This document is intended to help describe how to undertake analyses introduced as examples in the Fourth Edition of (2014) by De Veaux, Velleman, and Bock. More information about the book can be found at http://wps.aw.com/aw_deveaux_stats_series. This file as well as the associated R Markdown reproducible analysis source file used to create it can be found at http://nhorton.people.amherst.edu/sdm4.
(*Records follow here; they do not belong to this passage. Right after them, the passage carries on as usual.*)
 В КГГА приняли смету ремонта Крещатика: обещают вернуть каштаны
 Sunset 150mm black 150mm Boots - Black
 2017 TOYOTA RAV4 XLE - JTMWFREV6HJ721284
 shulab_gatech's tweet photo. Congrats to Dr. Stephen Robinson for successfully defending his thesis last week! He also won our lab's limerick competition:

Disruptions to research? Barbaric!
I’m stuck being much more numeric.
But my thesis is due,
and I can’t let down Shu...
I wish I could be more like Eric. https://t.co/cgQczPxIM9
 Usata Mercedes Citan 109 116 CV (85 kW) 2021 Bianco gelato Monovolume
This work leverages initiatives undertaken by Project MOSAIC (http://www.mosaic-web.org), an NSF-funded effort to improve the teaching of statistics, calculus, science and computing in the undergraduate curriculum. In particular, we utilize the mosaic
package, which was written to simplify the use of R for introductory statistics courses. A short summary of the R needed to teach introductory statistics can be found in the mosaic package vignettes (http://cran.r-project.org/web/packages/mosaic).
See Figure 4.1 on page 85
library(mosaic); library(readr)
options(digits=3)
Hopkins <-
read_delim("http://nhorton.people.amherst.edu/sdm4/data/Hopkins_Forest_2011.txt", delim="\t")
names(Hopkins)
## [1] "Season" "AvgWindSpeed" "Month" "Day"
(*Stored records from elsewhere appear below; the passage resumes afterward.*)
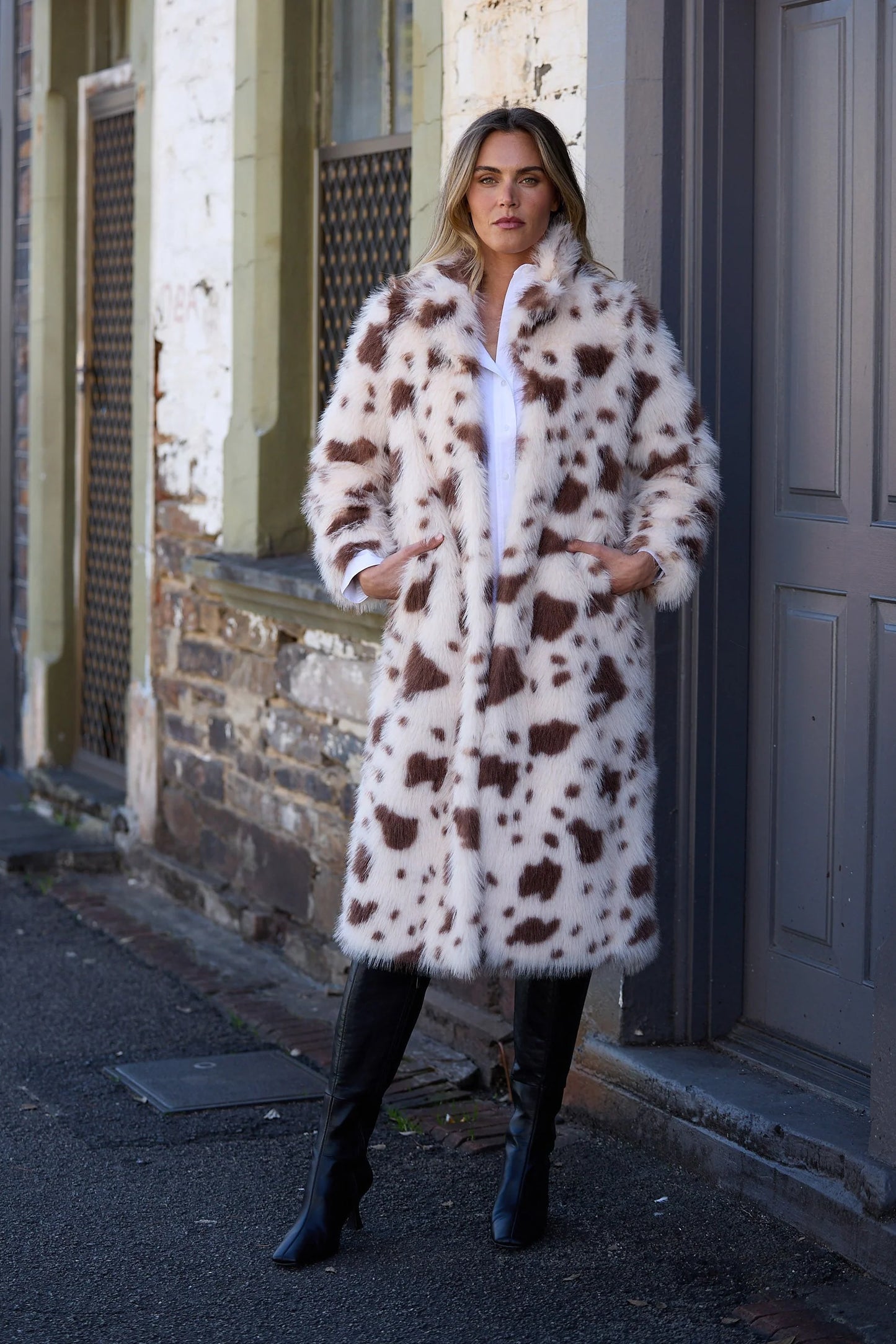 NEW YORK COAT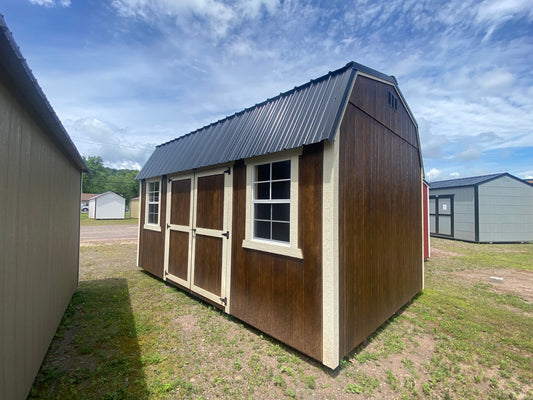 10x16 Side Lofted Barn 72538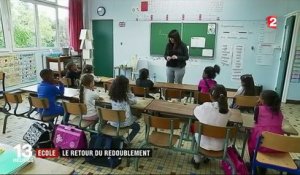 Ecole : le redoublement bientôt de retour ?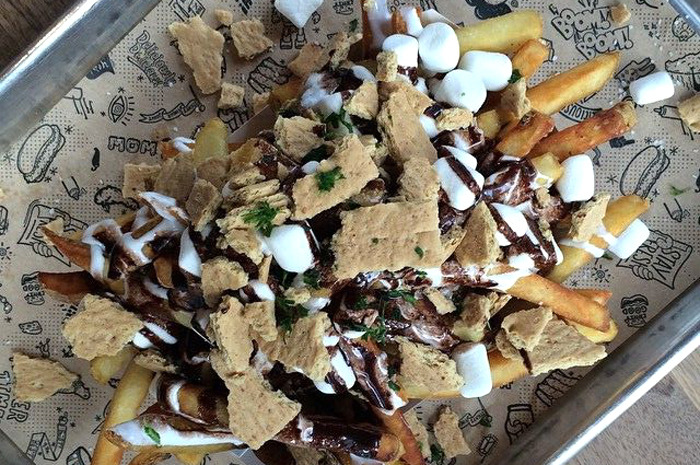 11. S'mores Fries — Sticky's Finger Joint, New York, N.Y.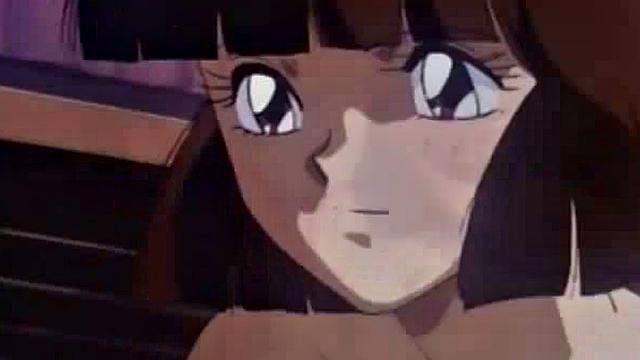 Watch this anime shemale get a mouthful of cum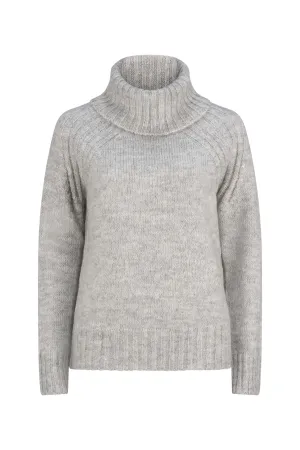 Silver Birch Della Roll Neck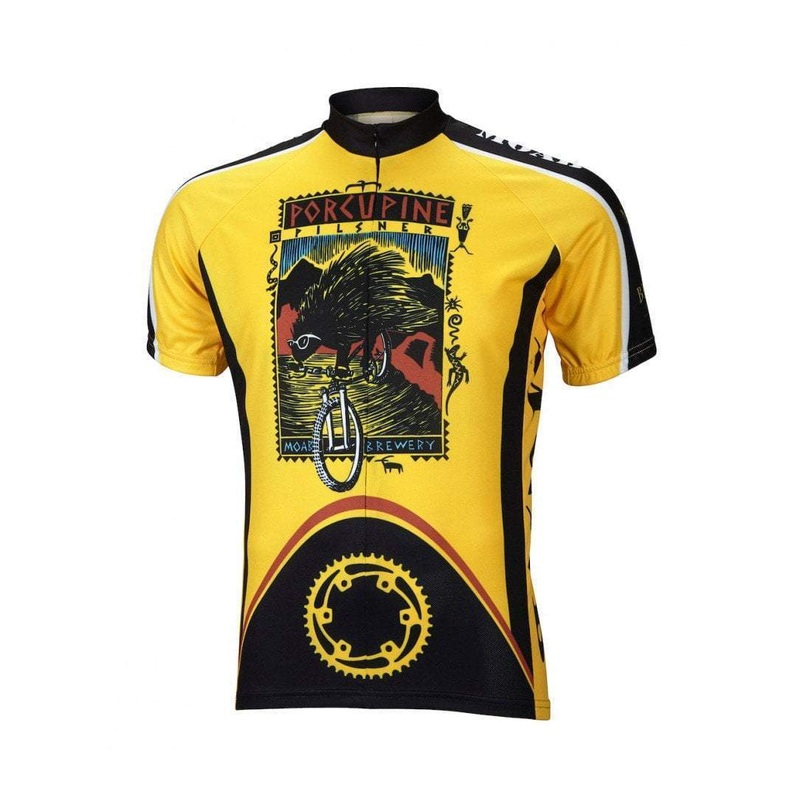 Men’s Porcupine Pilsner Road Bike Jersey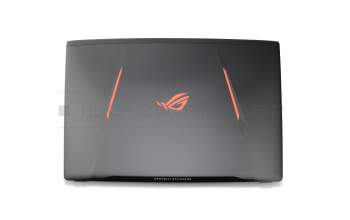 13N1-0XA0K01 Original Asus Displaydeckel inkl. Scharniere 43,9cm (17,3 Zoll) schwarz (rotes Logo)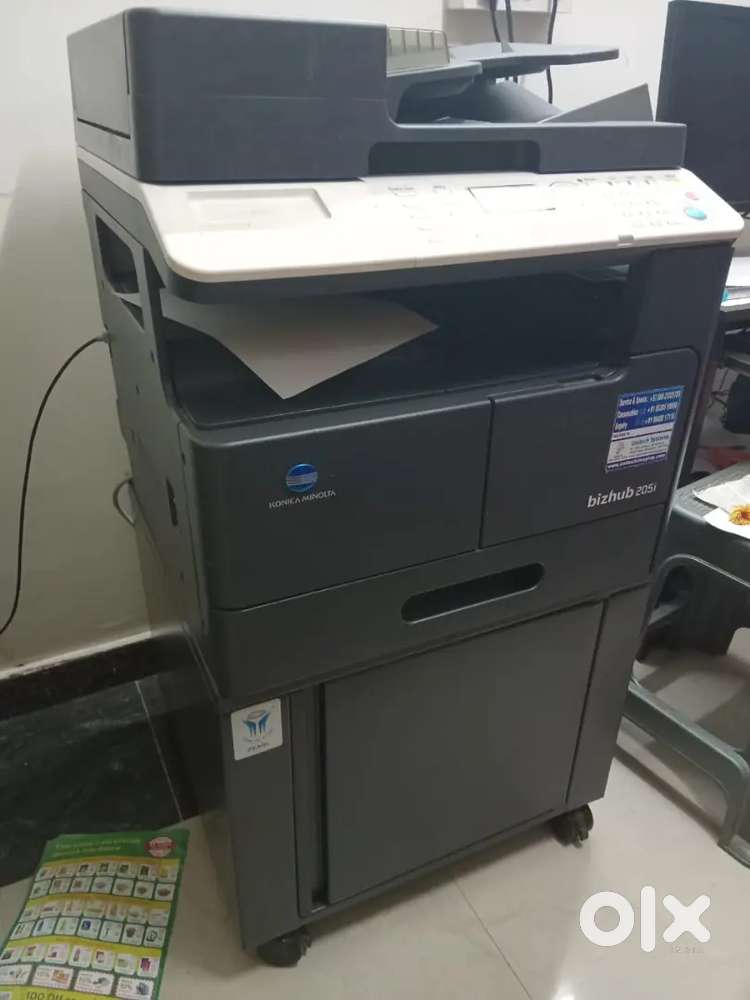 Printer and Xerox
## [5] "DayofYear" "AvgTempC" "AvgTempF" "MaxWindSpeed"
## [9] "AvgBarom" "Precip"
histogram(~ AvgWindSpeed, width=0.5, center=0.24,
xlab="Average wind speed (mph)", data=Hopkins)
Here we reproduce Figure 4.2 on page 85
Hopkins <- mutate(Hopkins,
Summer = Month >= 4 & Month <= 9,
Winter = !Summer
)
histogram(~ AvgWindSpeed, width=0.5, center=0.24,
xlab="Average summer wind speed (mph)", data=filter(Hopkins, Summer==TRUE))
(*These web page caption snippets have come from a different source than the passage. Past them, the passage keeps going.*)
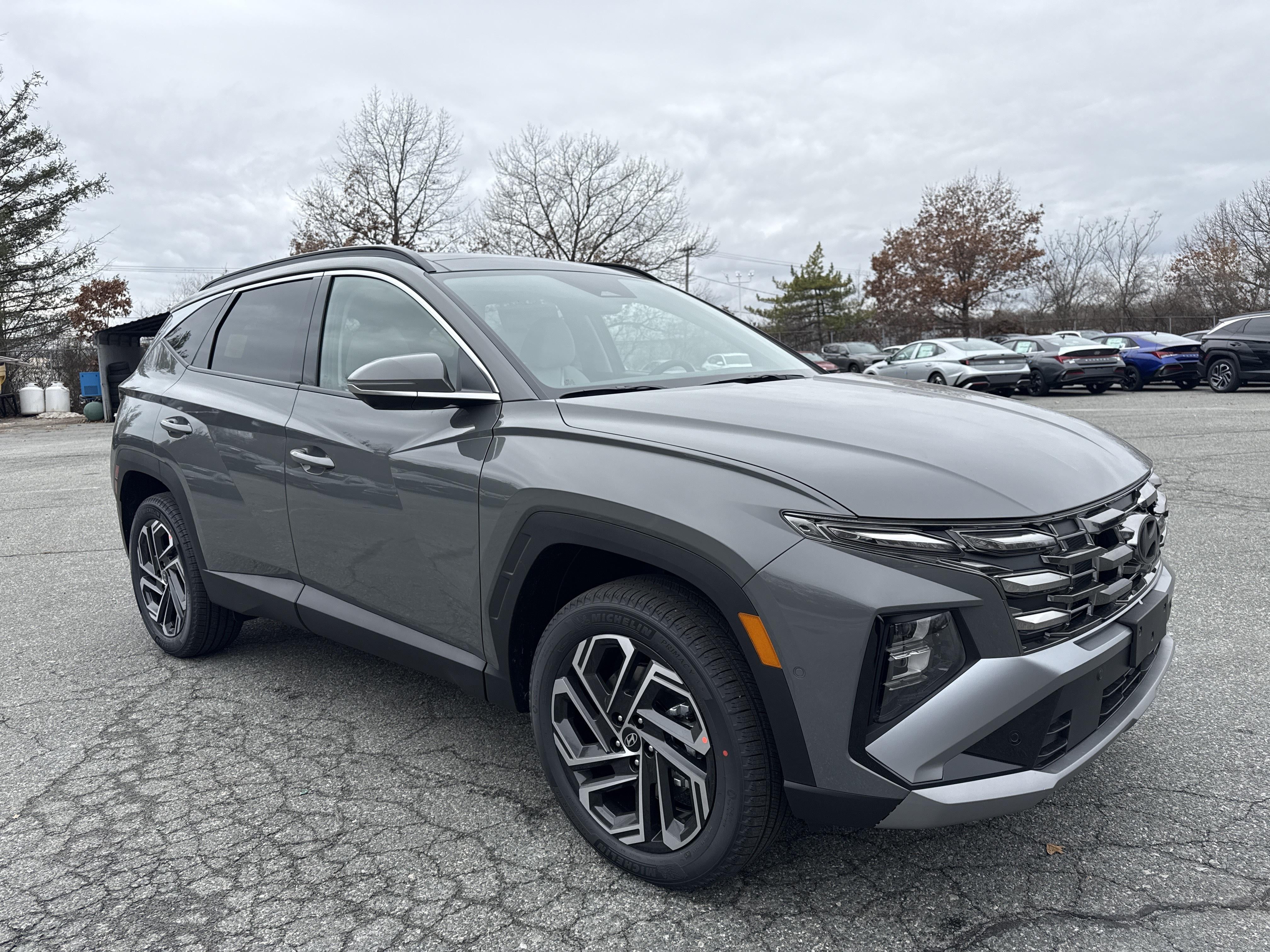 2026 Hyundai TUCSON Limited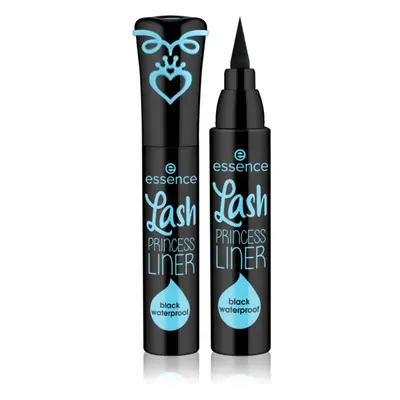 Essence Lash PRINCESS linka na oči ve fixu voděodolná odstín Black 3 ml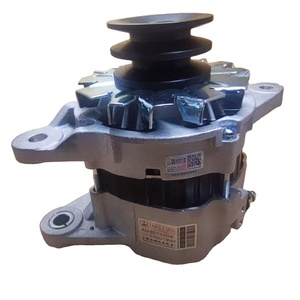 EX200-5掘削機オルタネーター6BG1ディーゼルエンジン電気発電機1-81200-4710 - Product Image 1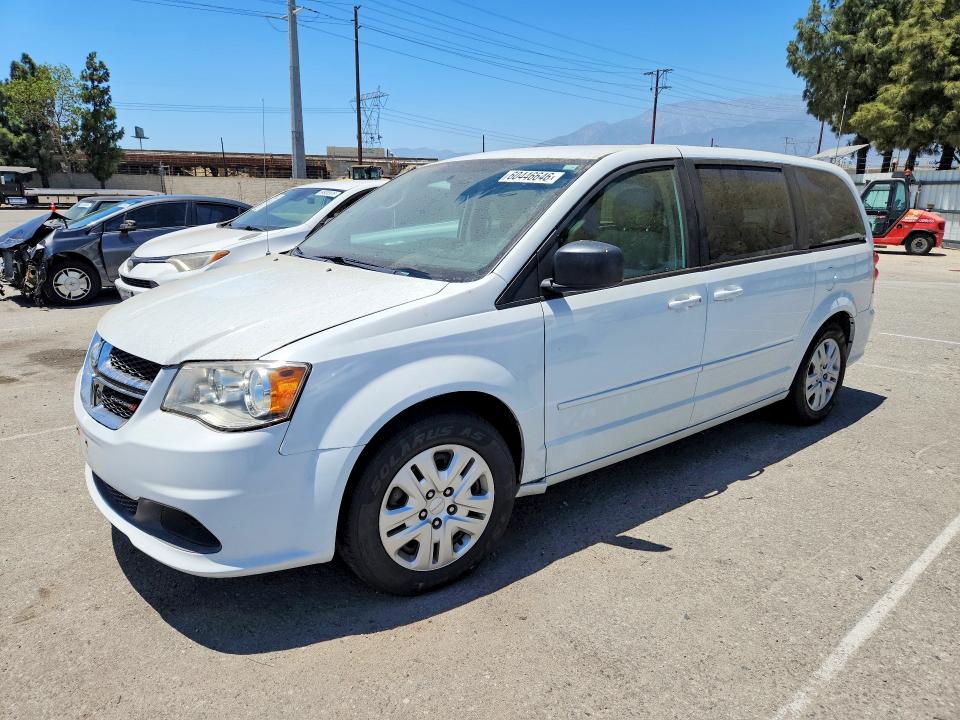 Auction sale of the 2015 Dodge Grand Caravan, vin: 2C4RDGBG6FR651307, lot number: 60446646
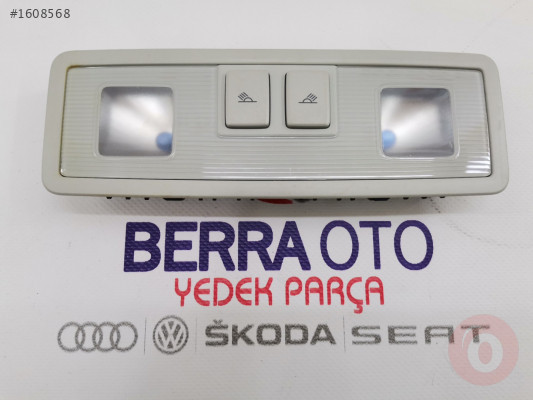 VOLKSWAGEN GOLF7 TAVAN İÇ AYDINLATMA 5G0947291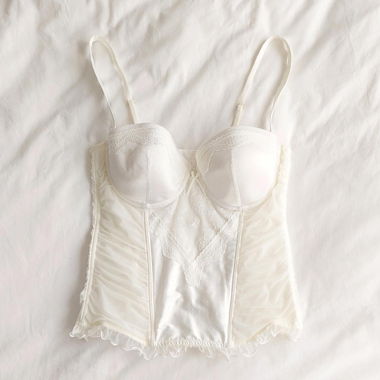 white corset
favstats(~ AvgWindSpeed, data=filter(Hopkins, Summer==TRUE))
## min Q1 median Q3 max mean sd n missing
## 0 0.35 0.71 1.62 5.47 1.11 1.1 183 0
histogram(~ AvgWindSpeed, width=0.5, center=0.24,
xlab="Average winter wind speed (mph)", data=filter(Hopkins, Winter==TRUE))
favstats(~ AvgWindSpeed, data=filter(Hopkins, Winter==TRUE))
## min Q1 median Q3 max mean sd n missing
## 0.02 0.84 1.72 2.66 6.73 1.9 1.29 182 0
Here we reproduce Figure 4.3 on page 87
bwplot(AvgWindSpeed ~ as.factor(Month), data=Hopkins)
filter(Hopkins, Month==2, AvgWindSpeed > 6) # in February
## # A tibble: 1 × 12
## Season AvgWindSpeed Month Day DayofYear AvgTempC AvgTempF MaxWindSpeed
## <chr> <dbl> <int> <int> <int> <dbl> <dbl> <dbl>
## 1 Winter 6.73 2 19 50 -5.09 22.8 39.5
## # ... with 4 more variables: AvgBarom <dbl>, Precip <dbl>, Summer <lgl>,
## # Winter <lgl>
filter(Hopkins, Month==6, AvgWindSpeed > 3.9) # in June
## # A tibble: 1 × 12
## Season AvgWindSpeed Month Day DayofYear AvgTempC AvgTempF MaxWindSpeed
## <chr> <dbl> <int> <int> <int> <dbl> <dbl> <dbl>
## 1 Summer 3.93 6 2 153 14.7 58.5 38.8
## # ... with 4 more variables: AvgBarom <dbl>, Precip <dbl>, Summer <lgl>,
## # Winter <lgl>
See Figures 4.4 through 4.6 starting on page 92
xyplot(AvgWindSpeed ~ DayofYear, data=Hopkins)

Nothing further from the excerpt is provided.